I admired you for your zeal in sharing the holy names with others, but also for your internal mood of awakening your own Krsna consciousness. You were absorbed in Vraja bhakti and were never too shy to say that you wanted to serve the Lord one day in the mood of a gopi. Some may have said that it was premature, but I could see that you had understood the siddhanta of our process and were determined to achieve it.
And I miss you especially because you showed yourself to be a kind and loving friend. When my disciples celebrated my Vyasa puja several months ago in the Krsna-Balarama Mandir, you went and spoke for a long time about my service and my success in Krsna consciousness.
I assure you that I am not at all the devotee you thought me to be, but I thank you for encouraging me to become so by your kind words. I heard that you then led a long and blissful kirtana to honor me.
Now it is my turn, and the honor goes to you, but the circumstances are different. Never again in this lifetime will any of us have the good fortune to see you in your rightful place: at the lotus feet of Sri Sri Radhe-Syama, singing your heart out to Them in intense devotion. My dear godbrother, the month of Kartika in Vrndavana will never be the same without you and your rickety old harmonium, surrounded by an expert group of kirtaneers hanging onto your every note of the mahamantra.
My dear Aindra prabhu, how we all miss you! Though you were often outspoken, even fiery on issues within our movement, you were detached from management and politics. You were loyal and independent - very much an ISKCON man, very much a Prabhupada man - with an understanding of the essence of Krsna consciousness: that after all is said and done, ISKCON and Krsna consciousness means chanting the holy names with every fiber of one’s body, with as much devotion as one can muster, for as many hours as possible each day. You embodied that spirit in your kirtanas, and that is why the young people looked up to you so much. That is why we all looked up to you so much. That is why we are all lamenting today.
I have no doubt that you are now in Goloka Vrndavana. You once told me that someone who is born in Vrndavana, lives in Vrndavana, or dies in Vrndavana is immediately transported to Goloka upon leaving the body. Because you yourself lived and died in that holy dhama, you have surely achieved the highest destination.

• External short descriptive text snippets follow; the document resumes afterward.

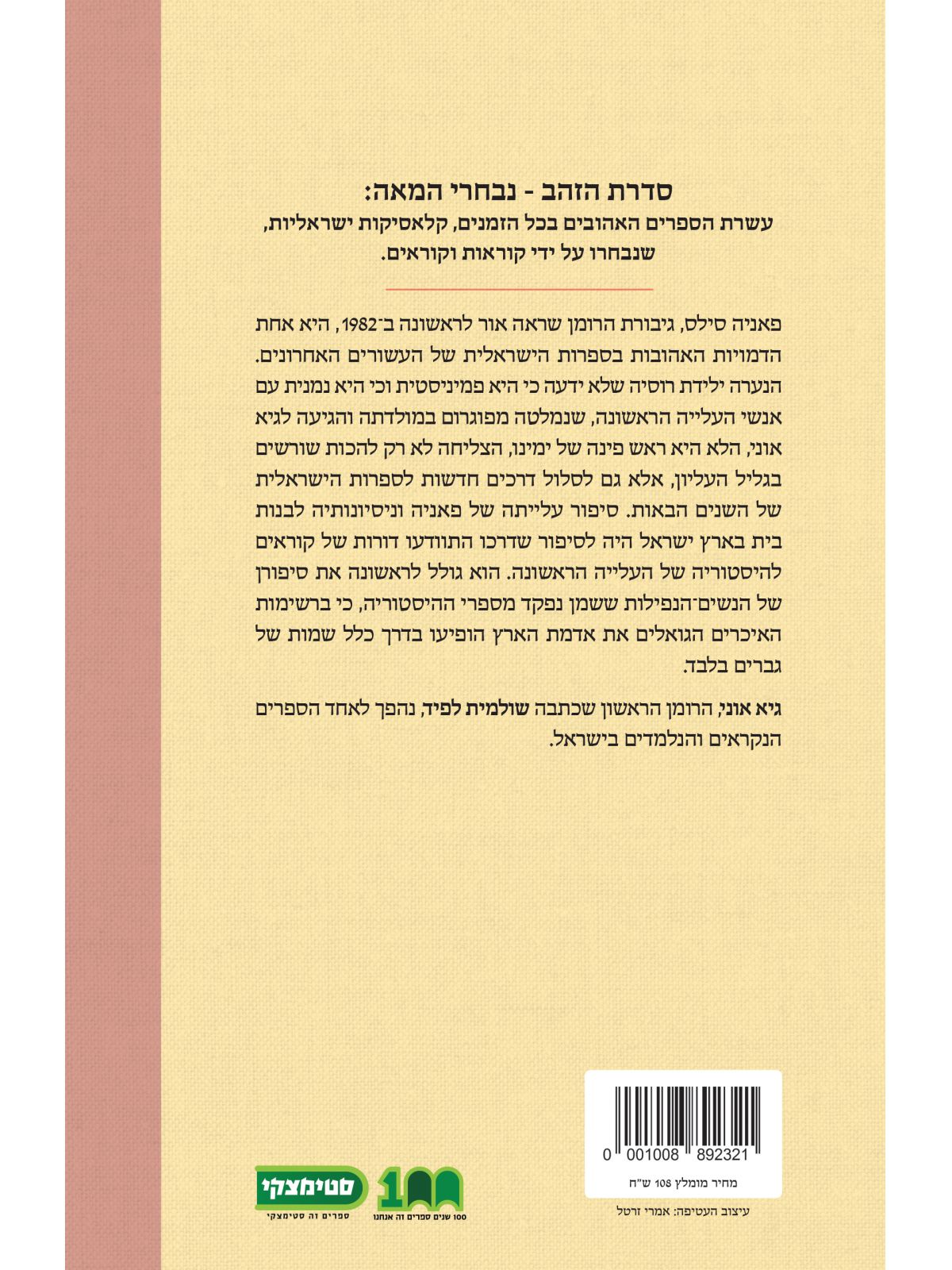 גיא אוני  נבחרי ה-100 שנה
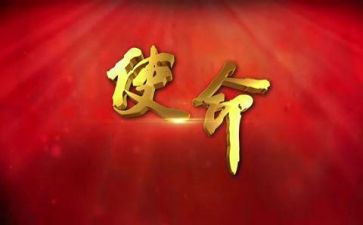 狗的使命演讲稿8篇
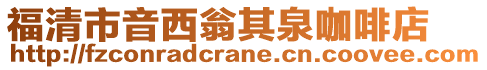 福清市音西翁其泉咖啡店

But I know you have achieved that goal mostly because you made the Hare Krsna mantra so popular all over the world. And you did it by sitting in one place. That’s the amazing thing: you made kirtana and bhajana popular just by sitting on the marble floor of the Krsna-Balarama Mandir, not far from the sacred tamala tree in the courtyard. You inspired us all with your endearing melodies, along with the intense drumming and kartala playing. Because of your devotion-filled voice, the whole world became captivated by those kirtanas. I know, because I hear your kirtanas in temples all over the world.
You have left a void in our hearts that can never be filled in this lifetime. We can only pray to have the good fortune to serve with you again if you decide to take another birth. In the meantime we will try to follow in your footsteps and develop a genuine attachment for the holy names, our worshipable deities, and the holy place of Sri Vrindavan dhama.
Please look kindly upon us devotees here on the Baltic Sea Coast this summer. We too are trying our best to give the holy names to others. If you, from your transcendental position, are merciful to us, we may succeed in our efforts.
We submit this letter to you, confident that it will reach you through some transcendental medium, and we hope you have heard our glorification and prayers.
Your servants, Indradyumna Swami and the members of the Festival of India in Poland 2010.